Claim of Gallagher v. Carol Construction Co.

Bliss, J. (dissenting).

Anthony Gallagher, the claimant, was injured on April 27, 1930, while working for the Carol Construction Company in a hazardous employment. He filed a notice of election to sue a third party whose negligence he claimed had caused his injuries. A trial of this third party action was had in the Supreme Court, New York county, and upon that trial the jury rendered a verdict in favor of plaintiff for $5,000. The defendant moved to set aside the verdict as excessive and for a new trial. The court stated that in its opinion the verdict was excessive and it made an order setting aside such verdict and granting a new trial unless the plaintiff within ten days stipulated to reduce the verdict to $2,000. The plaintiff made such stipulation and a final judgment in favor of the plaintiff was entered upon such verdict as thus reduced. Claimant then made application for the difference between the amount of the recovery in the third party action and the compensation to which he was entitled under the Workmen's Compensation Law and an award has been made for such deficiency.
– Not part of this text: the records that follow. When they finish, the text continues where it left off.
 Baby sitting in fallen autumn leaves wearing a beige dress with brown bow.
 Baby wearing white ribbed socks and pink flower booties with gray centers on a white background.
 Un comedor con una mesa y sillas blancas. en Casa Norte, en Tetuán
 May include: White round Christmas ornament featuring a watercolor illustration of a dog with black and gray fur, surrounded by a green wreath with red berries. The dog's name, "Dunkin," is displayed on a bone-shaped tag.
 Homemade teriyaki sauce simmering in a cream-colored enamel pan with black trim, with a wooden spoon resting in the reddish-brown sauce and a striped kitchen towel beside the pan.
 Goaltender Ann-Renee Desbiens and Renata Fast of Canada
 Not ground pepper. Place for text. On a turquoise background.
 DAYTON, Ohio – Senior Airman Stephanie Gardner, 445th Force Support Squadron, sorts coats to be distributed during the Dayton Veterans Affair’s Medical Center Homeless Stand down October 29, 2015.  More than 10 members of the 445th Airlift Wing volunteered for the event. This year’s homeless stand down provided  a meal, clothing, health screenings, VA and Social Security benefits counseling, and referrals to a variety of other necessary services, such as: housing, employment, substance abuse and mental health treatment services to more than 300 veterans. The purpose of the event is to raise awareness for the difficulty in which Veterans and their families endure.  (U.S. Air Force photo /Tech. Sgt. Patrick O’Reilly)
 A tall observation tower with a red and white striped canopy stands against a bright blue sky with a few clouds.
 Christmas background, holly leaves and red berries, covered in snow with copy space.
The appellants contend that when he stipulated to reduce the verdict the respondent compromised his cause of action and that because it was done without the written approval of the insurance carrier he may not recover the deficiency of compensation under section 29 of the Workmen’s Compensation Law. This section provides that a compromise of any such action by the employee *35at an amount less than the compensation provided for by the Workmen’s Compensation Law shall be made only with the written approval of the insurance carrier liable to pay the same.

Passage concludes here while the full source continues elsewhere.